37 State ex rel. Oklahoma Bar Ass'n v. Bolton, 1995 OK 98, ¶12, 904 P.2d 597; State ex rel. Oklahoma Bar Association v. Donnelly, 1992 OK 164, ¶11, 848 P.2d 543; State ex rel. Oklahoma Bar Ass'n v. Hall, 1977 OK 117, ¶12, 567 P.2d 975.
38 State ex rel. Oklahoma Bar Ass'n v. Patterson, 2001 OK 51, ¶29, 28 P.3d 551; State ex rel. Oklahoma Bar Ass'n v. Eakin, 1995 OK 106, ¶0, 917 P.2d 644; State ex rel. Oklahoma Bar Ass'n v. Bolton, see note 37 at ¶16, supra.
WATT, J., dissenting:
¶1 The majority attempts to make Layton's lack of candor with the court everyone's fault except that of the respondent, the one and only individual who had control over what came out of her mouth. Furthermore, it imposes upon the trial court an unwarranted measure of blame.
¶2 At all times concerning the charges of misconduct respondent, an assistant district attorney, was not only an officer of the court but was the representative and the face of the Sovereign State of Oklahoma in prosecuting this case. According to Layton's profile, she served in this position for some eight (8) years. It is difficult to believe that, as an experienced prosecuting attorney, the chaos in the courthouse the day she encountered her witness was much different than any contested criminal proceeding in which she had participated. It is common knowledge that our County Courthouses are, for the most part, completely inadequate and provide little opportunity for "quiet conversations" with anyone.
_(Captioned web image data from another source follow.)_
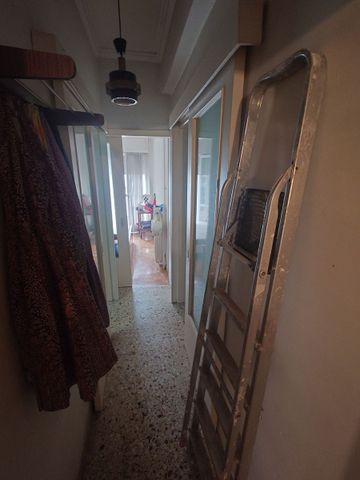 Διαμέρισμα για ενοικίαση Ευαγγελίστρια (Νίκαια) - Photo 4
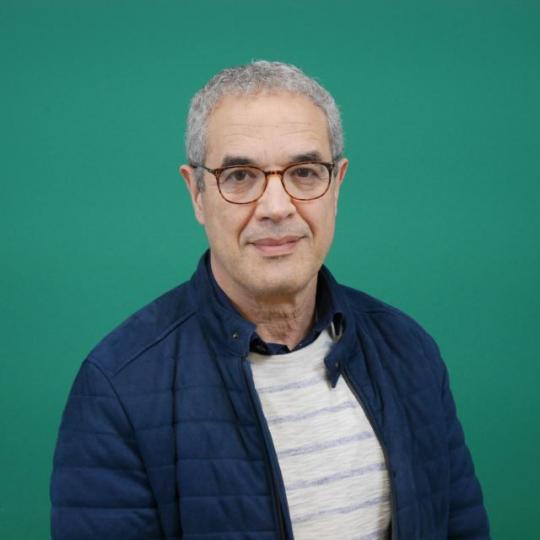 Hamid Ech-Chekhchakhi Moulay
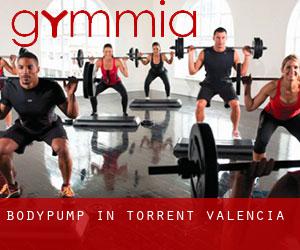 BodyPump in Torrent (Valencia)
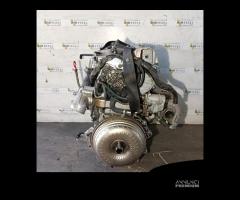 MOTORE COMPLETO VOLVO XC90 1Â° Serie D 5244 T Dies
Most often, attorneys are forced to conduct such interviews in hushed tones and in crowded hallways filled with other parties and their attorneys attempting to do the same.
¶3 When directly asked by the trial judge if she had spoken to her witness, Antral Miller, prior to trial, she lied to the court in answering his question - "NO."!
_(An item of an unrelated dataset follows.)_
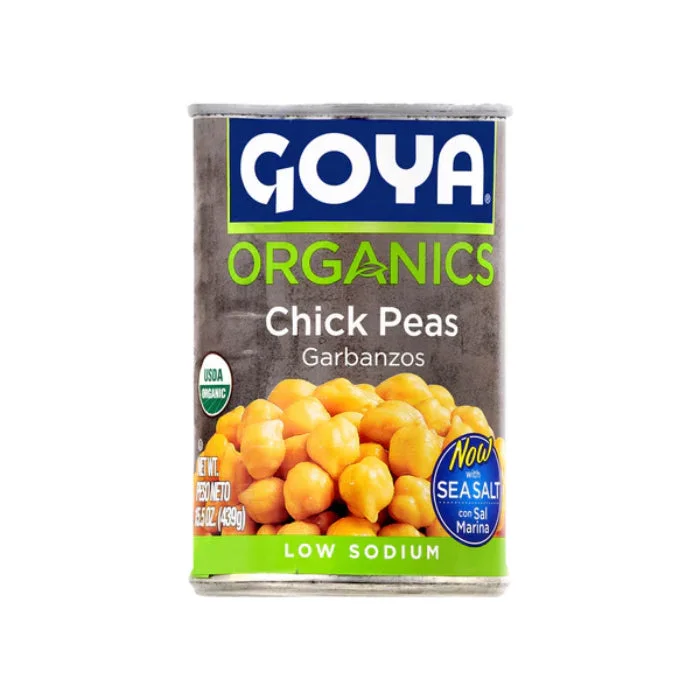 - Car dog seat beltGoya - Pea Chick Organic, 15.5 Oz (Pack of 24)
¶4 In response to the charges brought against the respondent, she wants this court to believe that she was confused by the trial court's question; that she did not intend to mislead the court; and that her answer produced no harm and, therefore, no foul.
¶5 The record reflects that respondent had at least two other opportunities to proffer the correct and truthful answer (that she had, in fact, talked to Mr. Miller). Once during Mr. Miller's testimony at trial, and also during a meeting in the judge's chambers with and in the presence of the judge and opposing counsel. Yet, respondent continued to perpetuate her original lie to the court.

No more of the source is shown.